Negotiations were completed three months ago, but Seoul offered only a guarded welcome on a package said by Brussels to be worth 19 billion euros (28 billion dollars) a year to EU exporters.
"Should the deal come into effect, bilateral trade investment will significantly increase," South Korean Trade Minister Kim Jong-hoon said after signing.
According to Seoul, the two sides will phase out tariffs on 96 percent of EU goods and 99 percent of South Korean exports within three years.
Adolfo Urso, a junior Italian minister for external trade, said Rome "could exercise its right of veto" unless EU auto industry concerns are specifically addressed in the text of the agreement.
EU trade commissioner Catherine Ashton, who initialled for the world's largest single trading bloc, said she had visited Italy a "couple of times" to address concerns there.
"I've been told to initial the deal by all the member states, so I do have the support of the Italian government," she stressed.
The free-trade deal was immediately slammed by the head of the European carmakers trade association, ACEA.
"We call on the EU member states not to ratify the current text," Ivan Hodac said in a statement.
"The Korean negotiators have not only obtained unrestricted access to a market of over 500 million people, the European Commission has in addition allowed South Korea to subsidise exports from its key industries to the EU.
"This constitutes unfair competition and will lead to economic distortion."
The ACEA claims Europe's trade deficit with South Korea will only increase from its current level of around 15 billion euros per year under the terms negotiated.

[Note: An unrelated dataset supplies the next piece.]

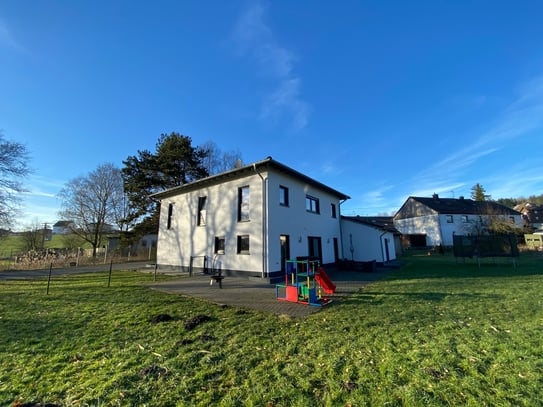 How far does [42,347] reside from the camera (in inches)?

Figures out Thursday showed South Korean Hyundai's sales rocketing by 53.7 percent across Europe in September -- with almost 50,000 more new cars sold over the recession-lashed first nine months of 2009 than in the equivalent period of 2008.
Ashton said EU negotiators had introduced "safeguards" that "will address the concerns the car industry rightly has."

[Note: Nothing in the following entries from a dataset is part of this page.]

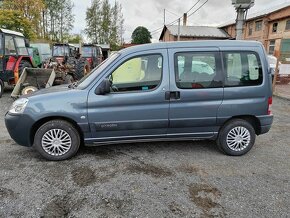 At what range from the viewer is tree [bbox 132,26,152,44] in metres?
65.1

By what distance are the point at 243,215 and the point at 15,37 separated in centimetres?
1049

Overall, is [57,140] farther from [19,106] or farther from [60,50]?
[60,50]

Each side has three percent of the other's car market but the EU's market is much bigger and Ashton said a surge in South Korean imports would trigger a "return to our tariffs."
She also said a "cap" would be triggered if 'duty drawback' rises, referring to a mechanism which allows manufacturers to reclaim tariffs paid on imported materials used to make products for export.
The EU was South Korea's second-largest trading partner after China in 2008, with two-way trade worth more than 90 billion dollars.
The EU was also the biggest foreign investor in South Korea last year.
Washington and South Korea reached a trade agreement in 2007 but Obama opposed the pact as a senator and ordered a review on taking office amid fears for the US auto sector.
Calling it the "first of a new generation of free-trade agreements," Ashton said a similar "push" is underway with India, several southeastern Asian states and Canada.
However, there are "no plans" to start discussions with Japan.
The ambitious deal with Seoul also covers areas including intellectual property, procurement, telecommunications, environmental, legal, financial and shipping sectors.